_What the task requires:_ Lines before the one with "Seat Leon 1.2 TSI Ecomotive Reference - 12" are left out; return that line and all that follow it, exactly, through the end of the data.

◆ ◆ ◆

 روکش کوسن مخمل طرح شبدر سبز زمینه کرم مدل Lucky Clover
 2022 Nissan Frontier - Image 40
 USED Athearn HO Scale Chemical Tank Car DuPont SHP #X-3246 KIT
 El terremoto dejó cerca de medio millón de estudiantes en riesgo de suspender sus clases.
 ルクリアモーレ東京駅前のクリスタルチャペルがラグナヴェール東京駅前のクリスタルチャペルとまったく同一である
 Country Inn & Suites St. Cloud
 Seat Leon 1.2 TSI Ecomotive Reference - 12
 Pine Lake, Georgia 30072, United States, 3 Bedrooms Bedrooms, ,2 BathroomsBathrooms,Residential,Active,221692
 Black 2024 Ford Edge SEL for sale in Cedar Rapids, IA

◆ ◆ ◆

_Answer to the problem:_
 Seat Leon 1.2 TSI Ecomotive Reference - 12
 Pine Lake, Georgia 30072, United States, 3 Bedrooms Bedrooms, ,2 BathroomsBathrooms,Residential,Active,221692
 Black 2024 Ford Edge SEL for sale in Cedar Rapids, IA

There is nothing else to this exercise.